ESCoP Bertelson Award


Bertelson Award 2015 goes to Zaira Cattaneo.

Every two years an outstanding young scientist receives the Paul Bertelson Award for making a significant contribution to European Cognitive Psychology. In response to our call we received excellent nominations. A committee consisting of  Jonathan Grainger, Avishai Henik, Andrea Kiesel  and Stephen Monsell rated each candidate on four criteria: The extent of the candidate’s outstanding contribution to her/his domain, the candidate’s general scientific achievements, the range of the candidate’s scientific contribution, and the extent of the candidate’s international interactions. 

Zaira Cattaneo will receive her award at the next ESCoP meeting in Paphos. On this occasion she will give a keynote lecture.

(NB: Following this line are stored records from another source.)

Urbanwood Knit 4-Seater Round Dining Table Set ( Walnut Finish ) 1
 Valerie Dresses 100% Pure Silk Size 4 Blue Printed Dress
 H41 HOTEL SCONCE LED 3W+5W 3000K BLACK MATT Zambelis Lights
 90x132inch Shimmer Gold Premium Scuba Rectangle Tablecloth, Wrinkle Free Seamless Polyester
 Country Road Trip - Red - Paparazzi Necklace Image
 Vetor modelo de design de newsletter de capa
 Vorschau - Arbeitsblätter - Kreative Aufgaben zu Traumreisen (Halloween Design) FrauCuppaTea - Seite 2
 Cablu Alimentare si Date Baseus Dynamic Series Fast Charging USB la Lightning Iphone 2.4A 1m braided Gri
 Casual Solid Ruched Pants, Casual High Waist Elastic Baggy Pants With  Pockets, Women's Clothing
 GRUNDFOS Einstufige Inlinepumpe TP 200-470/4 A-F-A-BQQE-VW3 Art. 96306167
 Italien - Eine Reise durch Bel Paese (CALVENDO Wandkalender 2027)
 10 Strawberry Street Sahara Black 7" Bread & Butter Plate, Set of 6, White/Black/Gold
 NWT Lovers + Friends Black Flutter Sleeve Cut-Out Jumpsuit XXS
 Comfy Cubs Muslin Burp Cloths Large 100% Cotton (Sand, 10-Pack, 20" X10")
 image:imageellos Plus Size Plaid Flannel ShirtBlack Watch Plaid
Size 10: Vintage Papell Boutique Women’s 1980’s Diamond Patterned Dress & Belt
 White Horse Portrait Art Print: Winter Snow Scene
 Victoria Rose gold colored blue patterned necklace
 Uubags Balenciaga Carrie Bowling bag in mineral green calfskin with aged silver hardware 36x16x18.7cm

She will also be invited to submit an article to the Journal of Cognitive Psychology.

Zaira Cattaneo received her undergraduate degree in 2002 from the University of Pavia in Philosophy, having also spent six months in the Psychology Department at Utrecht. In 2006 she completed a PhD in Psychology at the University of Pavia, having also spent time as visiting research fellow at the Helmholtz Institute, University of Utrecht and Rochester Institute of Technology, USA. In 2007-2008 she trained on neuro-imaging and neuro-modulation techniques with Pascal Leone at Harvard Medical School, returned briefly to Pavia as a post-doc, and since 2008 has been a tenured Research scientist in Psychobiology and Physiological Psychology in the Department of Psychology, University of Milano-Bicocca, Milano, Italy, where she set up a TMS and tDCS lab. Since 2012 she has in addition coordinated the TMS Research Center at the National Neurological Institute C. Mondino in Pavia.

Her PhD and much of her subsequent research has been on visuo-spatial cognition and imagery, including effects of visual impairment and brain damage. She has applied brain stimulation techniques to investigate not only visuo-spatial cognition but also mechanisms of face perception, language processing, numerical cognition, and aesthetic judgement. She is currently funded for a new line of research on social neuroscience. She has published in English more than 50 articles (of the large majority of which she is first author) in experimental psychology, neuropsychology, and neuroscience journals, as well as co-authoring a book (2011) on the effect of blindness on visuo-spatial cognition, and several chapters, as well as several publications and a book in Italian.